The man in the leather jacket was involved in whatever was happening here. I think it was some sort of photo shoot.

After taking this shot I went up the block and went in a couple galleries. I came back looking for the Susan Inglett Gallery at 520. It should have been right across the street. But I couldn't find it. Finally I figured it out. Wrong street.

By this time there was more activity. Inside and out there were a number of women who looked like models. I didn't stay long enough to see what happened.

In Manhattan the blonde population is high.

And so is the pouch population. Here two help their mistress cross 10th Avenue.

The poster count is also high. I can't remember what this one was advertising. But I'll take two, please. The obscured top line says "Smart May".

In college my roommate Bob Gersky used to muse that as the population increased there wouldn't be enough land to continue burying people one to a grave.
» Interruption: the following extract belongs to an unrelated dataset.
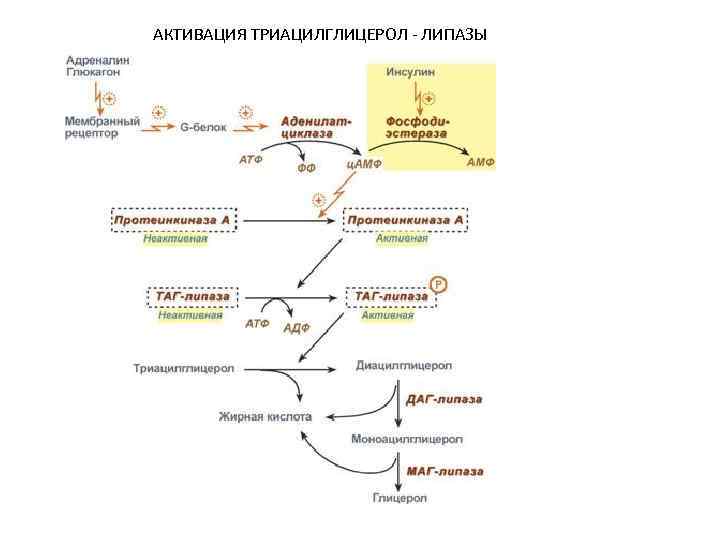 АКТИВАЦИЯ ТРИАЦИЛГЛИЦЕРОЛ - ЛИПАЗЫ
He envisioned the eventual necessity of stacking coffins like they stack cars at this parking lot on 10th and 20th, only underground.

I forgot to mention the wind was blowing.

 

 

 

February 11, 2010

Jenny Saville

Back in the glory days of Abstract Expressionism, the critic Clement Greenberg said:

"In today's world it's impossible to paint a face."

To which Willem de Kooning responded:

"That's right. And it's impossible not to."

Here are some of the faces that have impressed me.

Lucien Freud

 

Tony Sherman

 

Alex Katz

 

Chuck Close

 

Andrew Wyeth

 

 

 

February 9, 2010

It was cold on Pontoosuc Lake when I walked on it to get the Sunday Times. The wind was blowing in my face as I headed North and I had to pull on my orange fleece headgear.

I hated taking my gloves off to  take pictures. But it was one of those mornings where you had to take pictures.

One of the shots I took was this one of myself. I had earphones on and was listening to my CD of The Woman in White, the 1860 mystery by Wilkie Collins.  The one below is looking north. The cloud banks contained hints of mauve and rose.

 

 

 

February 7, 2010

Photo by Barbara Horner/All rights reserved

Babbie stepped barefoot on an elephant a couple days ago and that's how I ended up cooking the Chicken Tetrazzini yesterday.

That's not an easy thing to do - stepping on an elephant, or cooking Chicken Tetrazzini, for that matter.

The thing is we use a heavy iron elephant, which started life as a bookend, to hold the bedroom closet door closed.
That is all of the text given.